Eddy had read Dellenbaugh’s account, and he had no intention of
running Soap Creek either, but the river god had other plans for Clyde.
Upon reaching Badger, and thinking it was Soap Creek, Parley Galloway
(Nat’s son) was eager to run the rapid, but Eddy ordered the crew
to line it instead. Rowing through a rainstorm and an upstream wind, the
crew boated the three miles to Soap Creek. Not knowing they stood on the
brink of “the dreaded rapid,” Parley read the water and decided
to run it. As Eddy gushed in his account, “I permitted myself to
enjoy the thrill of the wild and dangerous ride” (Eddy, 1929). It
was not until five months later, on a second trip through Marble Canyon,
that Eddy realized he had been lost; Parley Galloway was the first person
to successfully run Soap Creek Rapid.
But reputations die hard. The “Dusty Dozen,” otherwise known
to history as the Frazier-Hatch expedition, saw the rapid at 3,000 cubic
feet per second (cfs) and portaged. The Carnegie-Cal Tech expedition of
1937 also lined. Shortly thereafter, Buzz Holmstrom, on his historic solo
trip, had heard enough about Soap Creek that he had promised himself he
would portage. Expediency overruled caution, however, and he ran it, writing
in his journal, “At Badger my knees got very weak—but they
were like steel rods compared to the way they were here—if that
channel wasn’t entered just right with crosswise momentum it does
not take a blueprint to tell one what would happen.” (Dimock 2001)
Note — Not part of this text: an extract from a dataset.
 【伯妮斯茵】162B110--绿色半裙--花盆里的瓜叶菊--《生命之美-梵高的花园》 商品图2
Then, abruptly, no one was bothered by Soap Creek Rapid again. Not Norm
Nevills, who in 1938 seemed to prefer hiking to boating; not Holmstrom
on his repeat trip in 1938; and not Don Harris and Bert Loper, who ran
all the rapids with glee in 1939. Something had changed.
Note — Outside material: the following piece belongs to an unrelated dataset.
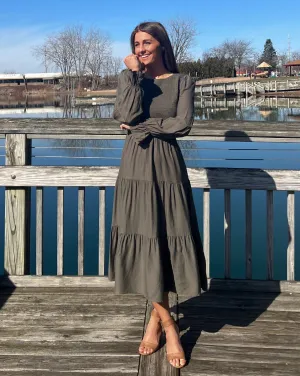 ZESICA Long Sleeve Elastic Waist Smocked Flowy Tiered Midi Dress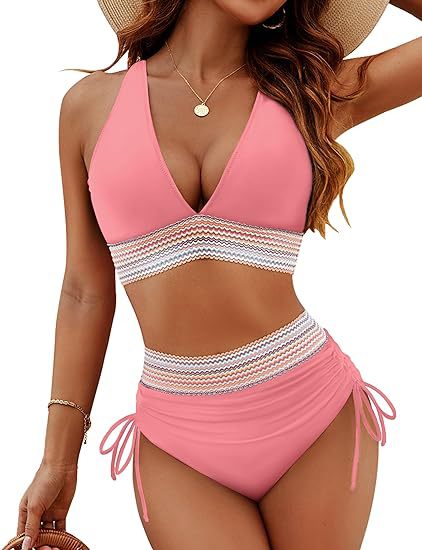 Bikinis de Tiro Alto con Control de Abdomen y Diseño Bicolor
We learned of the long ago changes in Soap Creek Rapid well before we
had carefully read the history. Comparing old and new photographs revealed
changes made subtle by the large annual floods that used to roar down
the Colorado River. When Ellsworth Kolb ran the rapid, he faced a steep
initial drop through exposed rocks into a series of holes. These holes
were either filled in with smaller rocks thrown into the rapid during
a debris flow in the late 1930s, or deposition a little farther downstream
in the rapid backed the flow up sufficiently to stifle the violent hydraulics.
The net change to the rapid is that it is easier to run now; the holes
turned into the waves that make Soap Creek Rapid like a little rollercoaster
ride.
More often than not, debris flows make Grand Canyon rapids easier to navigate.
The 1966 event at Crystal Creek created a hellacious hazard that gave
debris flows a nasty reputation for bad changes in the river corridor.
However, as we have learned at Lava Falls (in 1995), Granite (1984), Waltenberg,
and Soap Creek rapids, some debris flows raise the depth of water over
dangerous rocks or create runs that offer alternative routes. By narrowing
wide rapids, or inserting a boulder or two in strategic places, debris
flows can improve the navigational safety of some rapids. Next time you
enter Hance Rapid, eyes blinded by the afternoon sun, and you wonder where
that Whale Rock is down there, look over at Red Canyon and say your little
prayer to the river god. It’s gonna happen some day.